[Opening Working data section]

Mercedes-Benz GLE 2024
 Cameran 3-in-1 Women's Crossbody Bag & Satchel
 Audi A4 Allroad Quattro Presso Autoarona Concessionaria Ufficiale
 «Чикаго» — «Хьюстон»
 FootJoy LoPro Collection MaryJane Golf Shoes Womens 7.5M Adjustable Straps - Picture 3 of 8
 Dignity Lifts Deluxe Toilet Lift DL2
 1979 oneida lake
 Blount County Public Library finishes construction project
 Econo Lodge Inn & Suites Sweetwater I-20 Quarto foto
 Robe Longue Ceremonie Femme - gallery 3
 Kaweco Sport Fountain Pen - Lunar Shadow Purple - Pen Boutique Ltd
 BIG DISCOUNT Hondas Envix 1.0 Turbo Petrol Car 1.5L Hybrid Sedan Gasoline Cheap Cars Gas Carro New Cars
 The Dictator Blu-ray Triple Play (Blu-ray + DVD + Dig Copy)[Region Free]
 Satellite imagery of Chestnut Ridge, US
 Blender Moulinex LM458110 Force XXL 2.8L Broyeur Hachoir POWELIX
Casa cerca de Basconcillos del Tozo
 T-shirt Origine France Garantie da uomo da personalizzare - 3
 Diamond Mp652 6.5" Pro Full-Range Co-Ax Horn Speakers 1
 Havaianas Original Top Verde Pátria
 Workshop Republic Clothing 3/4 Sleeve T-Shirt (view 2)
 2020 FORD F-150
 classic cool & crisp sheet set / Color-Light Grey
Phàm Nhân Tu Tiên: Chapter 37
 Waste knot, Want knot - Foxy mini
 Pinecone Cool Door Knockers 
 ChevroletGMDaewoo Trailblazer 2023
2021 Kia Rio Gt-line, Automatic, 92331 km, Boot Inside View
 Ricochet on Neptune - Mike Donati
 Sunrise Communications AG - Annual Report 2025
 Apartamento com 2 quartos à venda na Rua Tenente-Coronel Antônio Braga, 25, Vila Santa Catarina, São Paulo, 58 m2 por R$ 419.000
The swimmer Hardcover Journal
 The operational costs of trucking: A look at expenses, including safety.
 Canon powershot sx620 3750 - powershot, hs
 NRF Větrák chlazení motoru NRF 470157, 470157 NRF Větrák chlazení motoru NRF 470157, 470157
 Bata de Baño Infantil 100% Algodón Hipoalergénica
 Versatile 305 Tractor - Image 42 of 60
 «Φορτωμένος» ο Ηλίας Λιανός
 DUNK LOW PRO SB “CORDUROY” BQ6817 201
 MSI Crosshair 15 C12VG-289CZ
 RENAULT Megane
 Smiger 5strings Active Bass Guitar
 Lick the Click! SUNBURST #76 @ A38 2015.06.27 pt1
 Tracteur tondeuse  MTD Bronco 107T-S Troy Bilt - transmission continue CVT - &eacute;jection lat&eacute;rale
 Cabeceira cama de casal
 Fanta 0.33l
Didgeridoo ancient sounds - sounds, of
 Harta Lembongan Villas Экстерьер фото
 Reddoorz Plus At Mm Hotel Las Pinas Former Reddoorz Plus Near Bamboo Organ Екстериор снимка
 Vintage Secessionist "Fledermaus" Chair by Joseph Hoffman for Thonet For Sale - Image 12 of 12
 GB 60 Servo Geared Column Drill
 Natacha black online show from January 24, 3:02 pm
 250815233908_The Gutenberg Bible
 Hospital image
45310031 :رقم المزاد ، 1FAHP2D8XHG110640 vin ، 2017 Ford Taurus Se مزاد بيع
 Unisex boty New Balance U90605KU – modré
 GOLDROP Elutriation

[Closing Working data section]

Of all the entries above, repeat only the lines from the line that has "Blender Moulinex LM458110" to the line that has "Versatile 305 Tractor - Image 42 of 60", both lines included, exactly.

Completed exercise:
 Blender Moulinex LM458110 Force XXL 2.8L Broyeur Hachoir POWELIX
Casa cerca de Basconcillos del Tozo
 T-shirt Origine France Garantie da uomo da personalizzare - 3
 Diamond Mp652 6.5" Pro Full-Range Co-Ax Horn Speakers 1
 Havaianas Original Top Verde Pátria
 Workshop Republic Clothing 3/4 Sleeve T-Shirt (view 2)
 2020 FORD F-150
 classic cool & crisp sheet set / Color-Light Grey
Phàm Nhân Tu Tiên: Chapter 37
 Waste knot, Want knot - Foxy mini
 Pinecone Cool Door Knockers 
 ChevroletGMDaewoo Trailblazer 2023
2021 Kia Rio Gt-line, Automatic, 92331 km, Boot Inside View
 Ricochet on Neptune - Mike Donati
 Sunrise Communications AG - Annual Report 2025
 Apartamento com 2 quartos à venda na Rua Tenente-Coronel Antônio Braga, 25, Vila Santa Catarina, São Paulo, 58 m2 por R$ 419.000
The swimmer Hardcover Journal
 The operational costs of trucking: A look at expenses, including safety.
 Canon powershot sx620 3750 - powershot, hs
 NRF Větrák chlazení motoru NRF 470157, 470157 NRF Větrák chlazení motoru NRF 470157, 470157
 Bata de Baño Infantil 100% Algodón Hipoalergénica
 Versatile 305 Tractor - Image 42 of 60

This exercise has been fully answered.